日本建築家協会(JIA)北陸支部富山地域会(徳田義弘会長)の2026年度第39回通常総会が25日、富山市の富山国際会議場で開かれ、役員改選では新会長に西野晴仁氏(福見建築設計事務所)を選出した。
正会員43人のうち、委任状5人を含め27人が出席。冒頭、徳田会長があいさつし、「日本、世界で建設資材がなくなりつつある。良い建築を生み出すためには、無駄な戦争は早く止めてほしい」と述べた上で、昨年度の主な事業や活動状況を振り返り、「たくさんの活動を行うことができ良かった」と述べた。
議長に原英高氏を選任後、議事に入り、25年度の事業報告と収支決算、役員改選、26年度の事業計画および収支予算を審議し承認した。
会長を退任した徳田氏は、「人と人の交流が大変大切なことを学んだ。一番思い出に残るのは能登半島地震。復旧・復興に向けて建築3会で一生懸命にやってきたが、これからも頑張っていきたい」とあいさつ。
西野新会長は、「私がJIAに入ってから四半世紀以上が経ったと思うが、設計のやり方が随分と変わり、色々と考えさせられることもある。先代の会長が続けてこられたことを踏襲し、和気あいあいと楽しい会になるよう盛り上げたい」との抱負を述べた。
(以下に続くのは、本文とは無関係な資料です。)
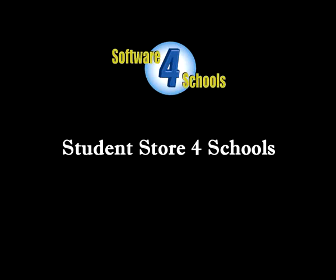Student Store for Schools is an easy-to-use, web-based, point-of-sale system designed specifically for schools.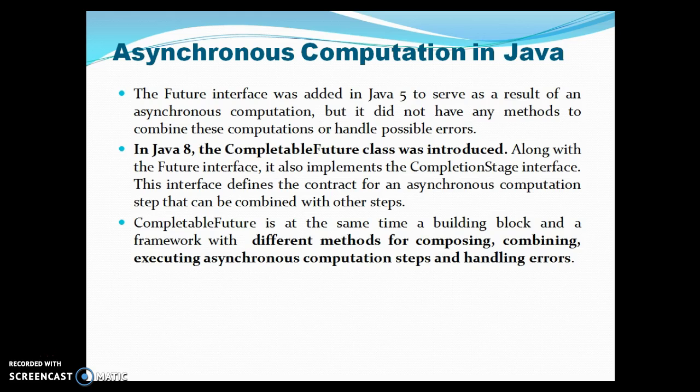CompletableFuture is at the same time a building block and a framework with around 50 different methods for composing, combining, executing asynchronous computation steps, and handling errors.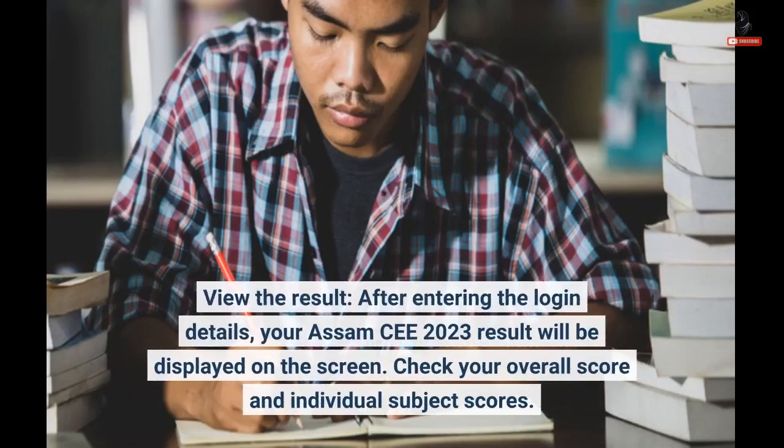View the result: after entering the login details, your Assam CE 2023 result will be displayed on the screen. Check your overall score and individual subject scores.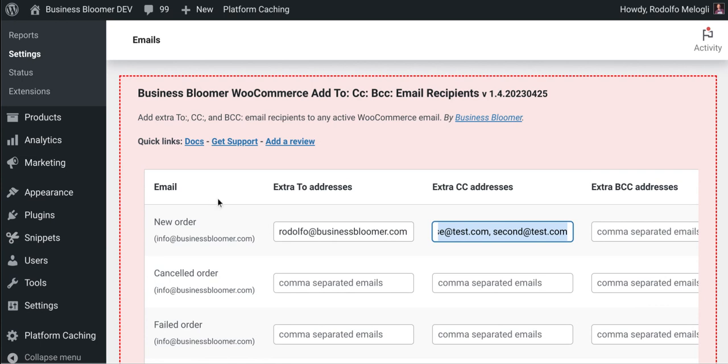This mini plugin comes with lifetime license, no annoying renewals, lifetime support, unlimited usage so you can install it on as many websites as you like, and super simple documentation.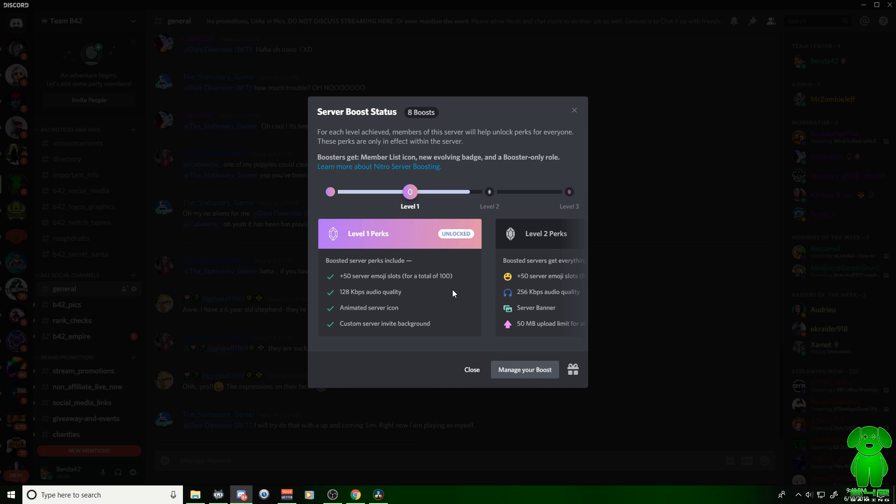Now if you're not a partner Discord, if you're a partner Discord, you have some of these already, but it gives you basically extra perks. I think it's still in trial mode right now. But we have plus 50 server emote slots. I don't know if we already have that with the Discord partnership, but we got better audio quality and custom server invite background. So that's pretty neat.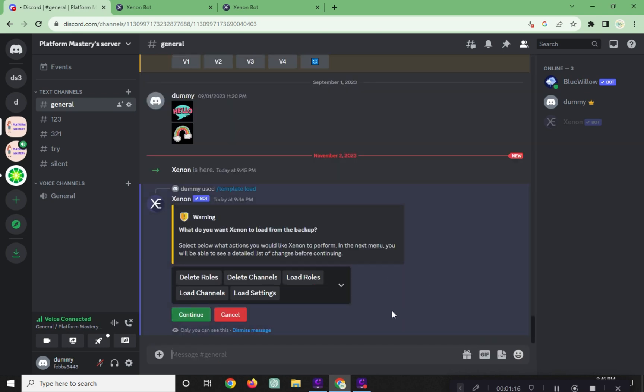Here, you can delete roles and channels, load roles and channels, and load settings.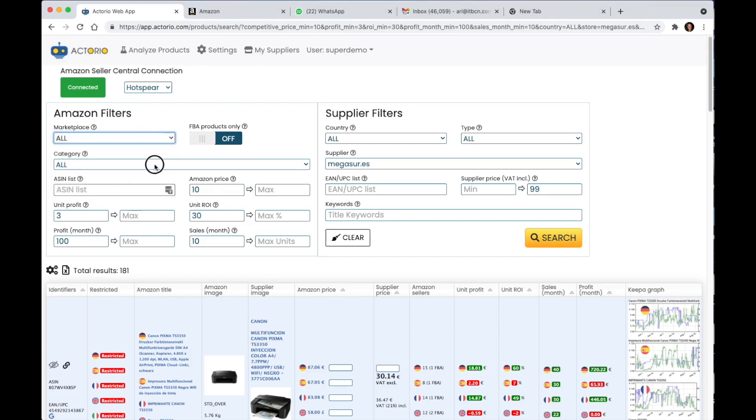I can select the category. We're going to leave that as all for the moment and here I can basically put values that are minimum and maximum.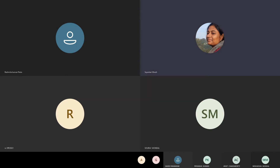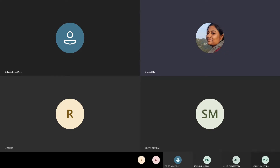We started our discussion with the introduction to the most well-known bifurcation, which is saddle-node. The name bifurcation comes from the perspective of creating branches — you have seen how tree branches bifurcate and create smaller branches.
さらに、西野会長は、26年度の活動方針に「富山における安全で快適な居住空間の実現、持続可能な地域環境の形成、公共的価値を高める建築文化の創造を目指す」を挙げ、(1)地域連携・広報・災害対応(2)市民交流・建築文化普及(3)教育研究・脱炭素・人材育成−の各事業、復興関連事業に取り組むと説明した。
各部会の活動では▽地域会交流部会=総務、広報・交流活動、災害対策活動▽市民交流部会=建築フォーラム、会員作品講演会、次世代の建築家育成▽教育研究部会=とやまデザイン講座、技術フォーラム、準会員活動−を予定している。
会長以外の役員は次の方々(敬称略)。▽副会長=酒井武志、種昴哲、塚本英明▽幹事=榎一雄、近江清志、神田謙匠、熊谷猛、地田正和、中井基博、中本尚、矢後勝▽監査=青山善嗣、濱田修▽参与=徳田義弘、水野敦▽顧問=堂田重明
総会後には、写真家のイナガキヤスト氏による記念講演「富山という場所が教えてくれること」も開かれた。